Uno dei maggiori successi al botteghino degli anni '90 è anche un film che rientra a pieno titolo nella categoria dei "sexy thriller": la giusta etichetta per un blockbuster che, per dirla con il Cecil B.Demented di John Waters, pare aver definitivamente "scippato al cinema underground il sesso e la violenza" portandoli nei ranghi del mainstream hollywoodiano. Gli autori Paul Verhoeven e lo sceneggiatore Joe Ezsterhas si sono chiaramente ispirati ad un thriller che lo stesso regista olandese aveva girato in patria, THE FOURTH MAN, e hanno dichiarato di aver voluto omaggiare il cinema di Alfred Hitchcock, mostrando tutto ciò che il maestro della suspence non avrebbe potuto mostrare ai suoi tempi. L'accostamento, suggerito in scene come quelle in cui la bionda protagonista indossa abiti simili a quelli di Kim Novak nel fondamentale VERTIGO, sembra più che altro una trovata per sollevare la qualità di un copione sensazionalistico che, se non fosse per la credibilità degli attori e per la magistralità con cui è stato portato sullo schermo, naufragherebbe in un mare di banalità. 
L'esile spunto di partenza è fotocopiato dallo splendido SEA OF LOVE di Harold Becker, in cui il poliziotto si innamorava di una bionda sospettata di aver ucciso il suo amante, ma si evolve e si sviluppa diversamente, riservando tante sorprese, di cui poche veramente spiazzanti, e privilegiando facili e macchinose soluzioni narrative da romanzetto giallo-rosa tascabile.

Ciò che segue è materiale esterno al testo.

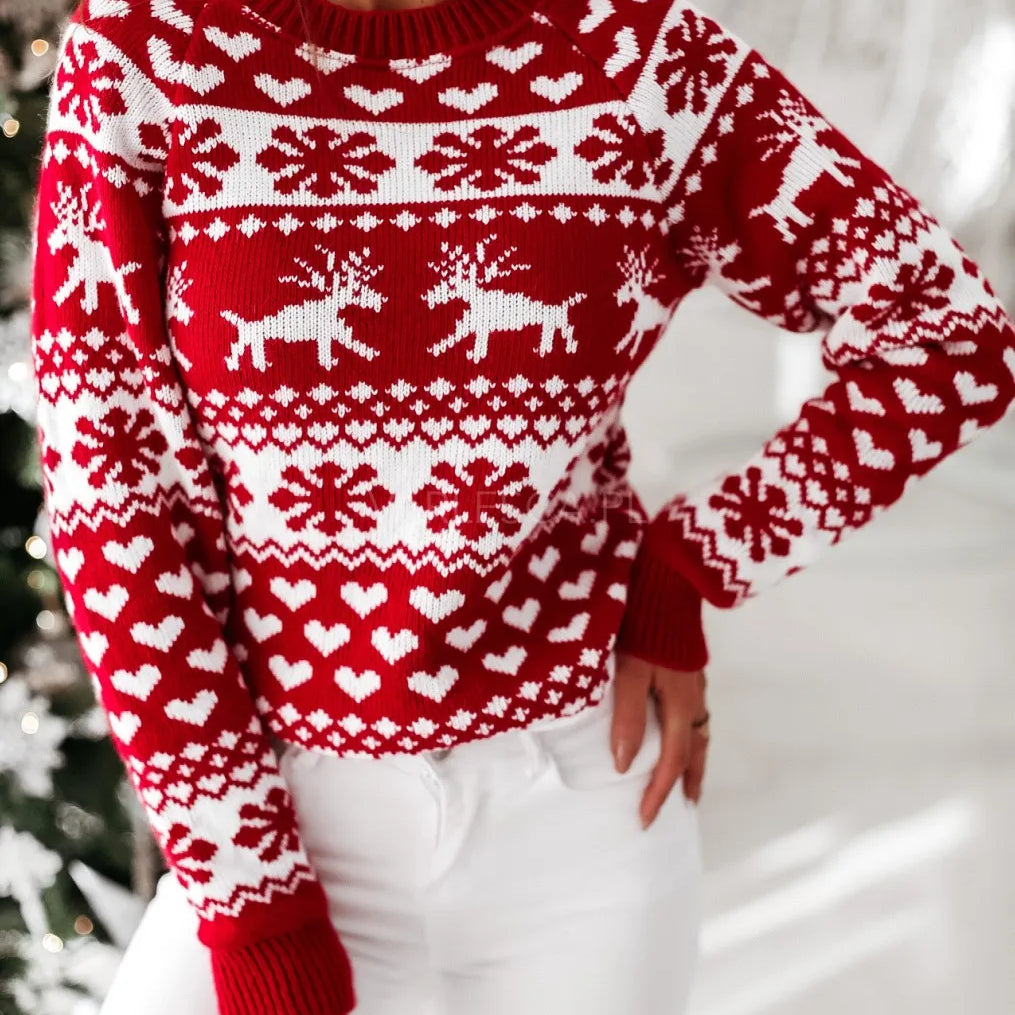 New Winter Christmas Women Sweaters Pullover Tops Casual Long Sleeve Print Knitted Sweater Women Clothes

L'unica novità è il personaggio della femme fatale Catherine Tramell, superbamente interpretata da una diva straordinaria come Sharon Stone, nel ruolo che la lanciò definitivamente a Hollywood e che fu in precedenza rifiutato da altre sue colleghe. A mio avviso, nessuna avrebbe potuto recitare nei panni di Catherine meglio di lei, esprimendone tutte le contraddizioni attraverso quello sguardo impassibile e furbo, quello charme glaciale e seducente, quell'incedere elegante e sicuro, quella femminilità colta e sensuale. Emblematica, e giustamente famosa, la sequenza nella sala confronti del distretto di polizia, durante la quale la scrittrice, convocata per un interrogatorio, non solo si comporta come se fosse assolutamente innocente ma sfodera un atteggiamento di sfida, non esitando a provocare i suoi interlocutori, tutti maschi, con frecciatine maliziose e compiacenti e ammiccando al detective Nick Curran/Michael Douglas con occhiatine invitanti e allusive.
In un delizioso e provocatorio botta e risposta, la presunta colpevole stuzzica la commissione fumandosi una sigaretta e ad un certo punto accavalla le gambe, svelando a tutti, grazie ad uno "scherzo" di regia quasi subliminale, di non indossare le mutandine. Attira a sè Nick e subito inverte i ruoli di indagatore e ricercata, avvolgendolo nella tela di una bollente relazione che, come se non bastasse, è complicata dall'emergere di una misteriosa simbiosi che aveva legato la scrittrice proprio all'ex amante del detective, la psicologa del distretto Beth Garner/Jeanne Tripplehorn, personaggio che poteva essere sviluppato meglio. 
A metà film, la trama poliziesca si complica all'accumularsi di indizi e dubbi e il triangolo focoso tra i due amanti e Beth, in cui verità e menzogna si alternano continuamente, tiene alta la tensione fino alla fine.
Ma l'insieme, se non fosse per l'alchimia Stone-Douglas-Tripplehorn farebbe molta fatica a lievitare. Fin qui, ecco i difetti di questa perla di raffinata cialtroneria, non priva di tagliente umorismo, suscettibile di stroncature e dissacrazioni fin che si vuole, ma che è anche ricca di pregi puramente cinematografici, come il già citato cast, la fotografia patinata di Jan De Bont, la sublime colonna sonora di Jerry Goldsmith, candidata all'Oscar 1993, la lussereggiante ma altamente coinvolgente mess'in scena di Verhoeven e l'abile sceneggiatura di Ezsterhas. Al di là dei suoi effettivi meriti, rimane un esempio di cinema puro.